Let $x_n=(1-\frac{1}{2}+\frac{1}{3}-...-\frac{1}{2n})$ .



I know that $\gamma_{n}=\sum_{n=1}^n \frac{1}{n} -\log(n)$ . And $<\gamma_n>$ converges to Euler's constant i.e. $\gamma$ which lies between $0.3$ and $1$ .



Using this fact I found ,



$x_n=1+\gamma_{2n-1}+\log(2n-1)-\gamma_{2n}-\log(2n)$



since $\gamma_{2n-1}$ and $\gamma_{2n}$ are subsequences of convergent sequence $<\gamma_n>$ , so they converges to same limit as $n$ goes to $\infty$ .

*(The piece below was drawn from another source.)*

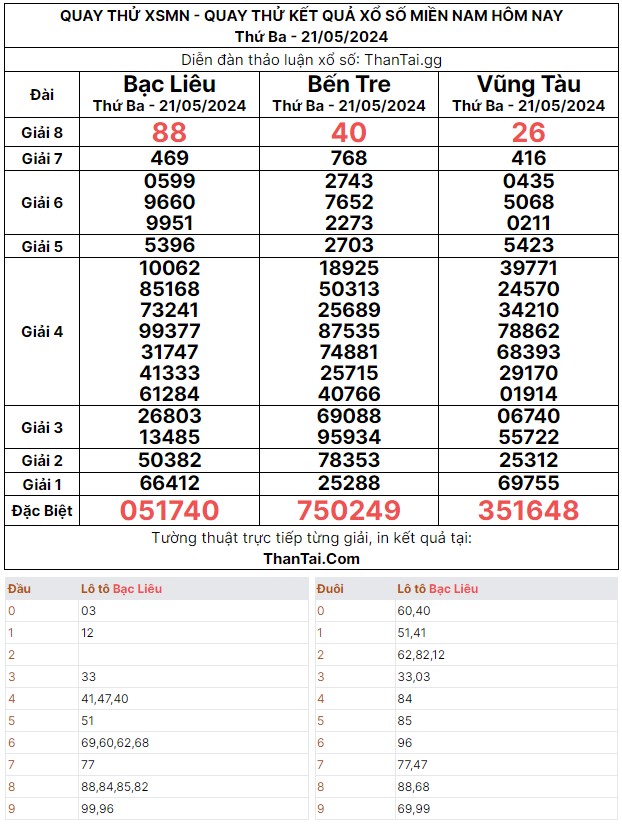 Dự đoán quay thử XSMN thứ ba ngày 21/05/2024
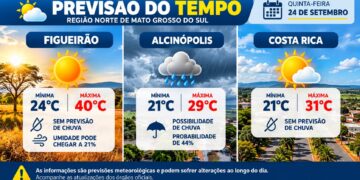 Figueirão pode chegar a 40°C nesta quinta-feira; Alcinópolis tem previsão de chuva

Hence , $\lim_{n\to \infty} x_n= 1$ .



Question:



To check whether I'm wrong or right . Actually I don't have answers , Please help!



EDIT:
$(1)$ My approach is wrong.


Answer




To answer the question of what you did wrong in your approach specifically, it's just that your arithmetic is wrong. You write (essentially) $x_n=1+\gamma_{2n-1}+\log(2n-1)-\left(\gamma_{2n}+\log(2n)\right)$; your idea of writing $x_n$ as a difference of harmonic terms is broadly correct, but let's look at what's going on here. I'll write (using your notation) $H_n=\gamma_n+\log(n)=\sum_{i=1}^n\frac1i$ for the harmonic numbers; then what you've written is $1+H_{2n-1}-H_{2n}$. But almost all of the terms cancel out of this sum, because it's not the case that $H_{2n-1}=1+\frac13+\frac15+\ldots+\frac1{2n-1}$ and $H_{2n}=\frac12+\frac14+\ldots+\frac1{2n}$; instead, $H_{2n-1}=1+\frac12+\frac13+\ldots$ and similarly for $H_{2n}$, so what you've written is just $1-\frac1{2n}$.



Instead, to use the approach you're trying, you need to start with $1+\frac12+\frac13+\ldots+\frac1{2n}$ and then subtract the even terms twice :once to 'eliminate' them from the harmonic sum, yielding $1+\frac13+\frac15+\ldots$, and then a second time to 'add' the negative terms and give the sum $1-\frac12+\frac13-\frac14+\ldots$ that you want. This means that your sum is $$\begin{eqnarray}
1+\frac12+\frac13+\ldots+\frac1{2n}-2(\frac12+\frac14+\ldots+\frac1{2n}) \\ =1+\frac12+\ldots+\frac1{2n}-(\frac22+\frac24+\frac26+\ldots+\frac2{2n}) \\ =1+\frac12+\ldots+\frac1{2n}-(1+\frac12+\frac13+\ldots+\frac1n) \\
=H_{2n}-H_n
\end{eqnarray}$$. Can you finish from here?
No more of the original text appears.